The business model for most of the ASX aged care operators focuses on residential arrangements providing graduated levels of care, from basic assisted living to skilled nursing care for later years.  There are variations in the late stage care, but the core residential arrangement is identical across operators, with some offering only residential living accommodations.

Regis supplements its aged care and residential living facilities with Day Therapy Centres and Home Care Services, both cost effective alternatives.  The Day Therapy Centres offer a wide range of allied health services available to both residents of retirement living villages and seniors remaining in their own homes.  Services range from rehabilitation and physiotherapy to podiatry, as well as social activities and educational classes for senior living.

Regis offers free assistance for seniors looking to apply for a government funded home-care package.  Privately funded packages are available as well, but the company has limited locations – Melbourne and Mildura in Victoria; Darwin in the Northern Territories; and Caims in Queensland.  Services available range from basic home care; transportation, and personal care with dressing, bathing, and mobility assistance. 

The company’s Full Year 2017 Financials were solid, with reported revenues of $565.5 million, up 18% from FY 2016; and net profit of $61.1 million, up 8%.  The company petitioned the Federal Court of Australia for a ruling related to 2016 changes in fees and charges allowable under the Aged Care Act of 1997.  A recent update states Regis charges do not qualify, and the company is awaiting a formal ruling pending possible appeal.

While the company has no presence in residential aged care, ASX newcomer Zenitas is focusing exclusively on cost-effective healthcare alternatives, including in-home services for seniors.

Given the alarm with which our own federal government looks at the rising cost of healthcare, Zenitas is operating in a sweet-spot that some investors identify as occupying a special niche in the healthcare megatrend – cost control.

The company listed on the ASX in January 2017 following a reverse merger with a business plan and acquisitions in place to penetrate the community-based healthcare sector.  Community based healthcare is recognised as a viable alternative to the higher costs of institutional care. 

The company’s business model targets three sectors:

• Primary Care
• Allied Health
• Home Care

Prior to issuing its IPO prospectus in mid-November 2016 the company was in the process of acquiring five independent healthcare operations to slot into its three operating sectors.  Following the acquisitions, Zenitas began its quest with 54 community-based healthcare facilities spread across Victoria, New South Wales, Queensland, South Australia and Western Australia.

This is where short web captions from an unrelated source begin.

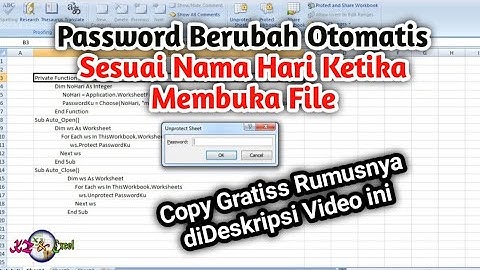 Cara Memberi Password Pada File Excel Yang Bisa Berubah Otomatis setiap hari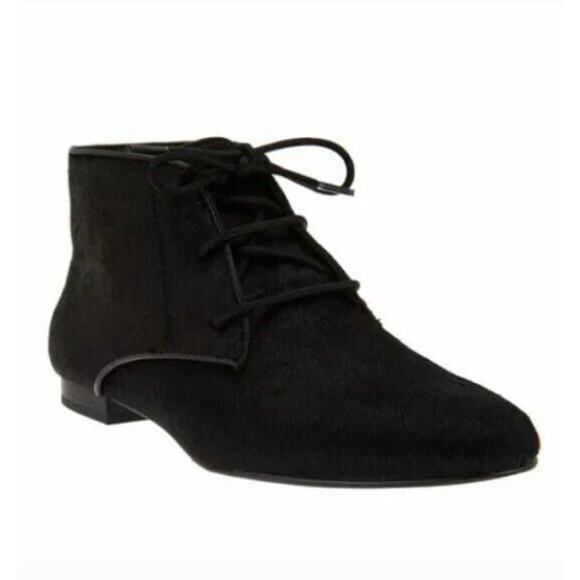 Lori Goldstein Women Lace Up Chukka Bootie Adrienne Size US 8.5M Black Pony Hair - Picture 1 of 3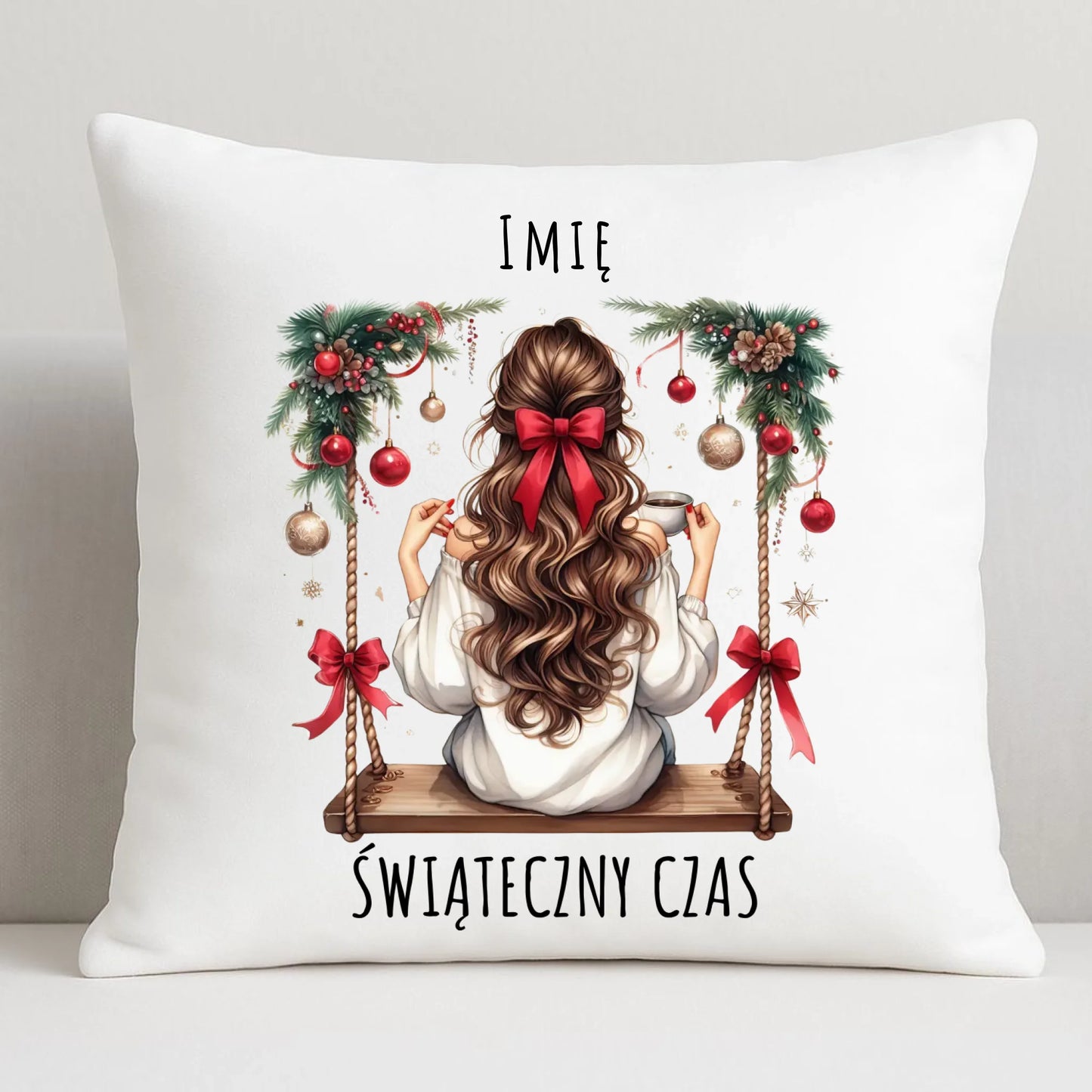 Poduszka świąteczna - Dziewczyna na huśtawce - Świąteczny czas - personalizowana BN105 - StoryCups.pl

The acquisitions were made possible by the fragmented nature of the sub-sector, with multiple providers operating independently.  Following the successful acquisitions, the company had two operational primary care centre providers; two allied health centre providers; and one Home care provider.

The company was formed for the expressed purpose of benefiting from a deliberate shift in government policies targeting less costly community-based healthcare providers rather than traditional hospitals. 

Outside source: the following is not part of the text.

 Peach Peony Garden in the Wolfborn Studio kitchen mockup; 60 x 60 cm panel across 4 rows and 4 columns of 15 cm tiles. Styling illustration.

Acquisition appears to be a major strategy for Zenitas as the company quickly announced its first post-listing acquisitions of Australia’s largest aged-care podiatry business – Dimple -- and NexttCare, a home care provider.  More recently Zenitas acquired a major privately held home care provider in Victoria and New South Wales -- Australian Home Care Services (AHCS), and two allied health clinics from provider Beleura Health Solutions.

First, since its listing in January 2017 through October, the Zenitas share price outperformed traditional institutional healthcare rivals Ramsey Healthcare (RHC), Sonic Healthcare (SHL) and Primary Healthcare (PRY)

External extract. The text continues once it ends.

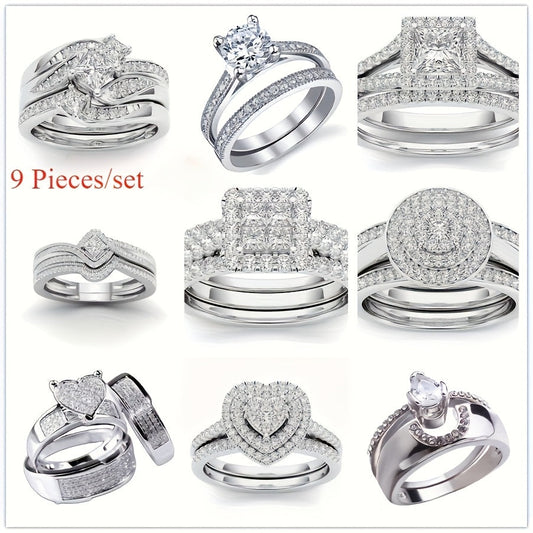 9 Piece Princess Cut Cubic Zirconia Bridal Wedding Ring Set for Women – Stackable Engagement Rings, Classic Jewelry Gift for Girlfriend & Wife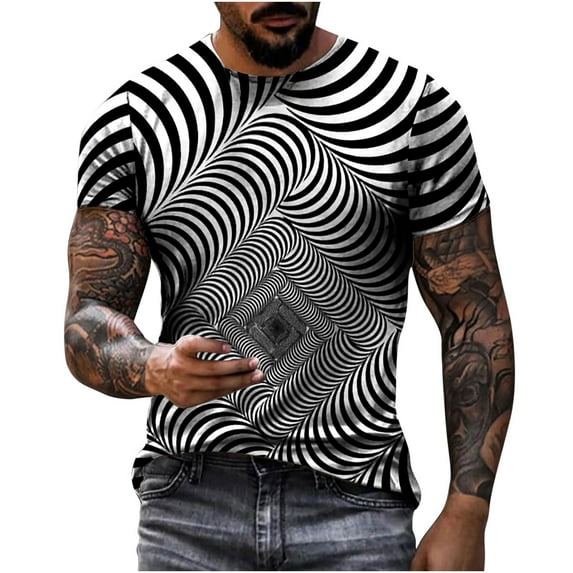 JINMGG Mens Tops under $5,Men's Unisex Daily T Shirt 3D Print Graphic Prints Animal Print Long Sleeve Tops Casual Bloue,White XXXXXXL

Year over year, Zenitas is still outperforming Ramsay.


Second, Zenitas is the only ASX listed group specialising in community-based health services businesses.  The company has a consensus BUY rating, from two analysts and a remarkable EPS (earnings per share) growth forecast over two years.  In its 2017 Financial Report the company posted EPS of $0.008 per share, expected to rise to $0.107 in FY 2018 and $0.154 in FY 2019.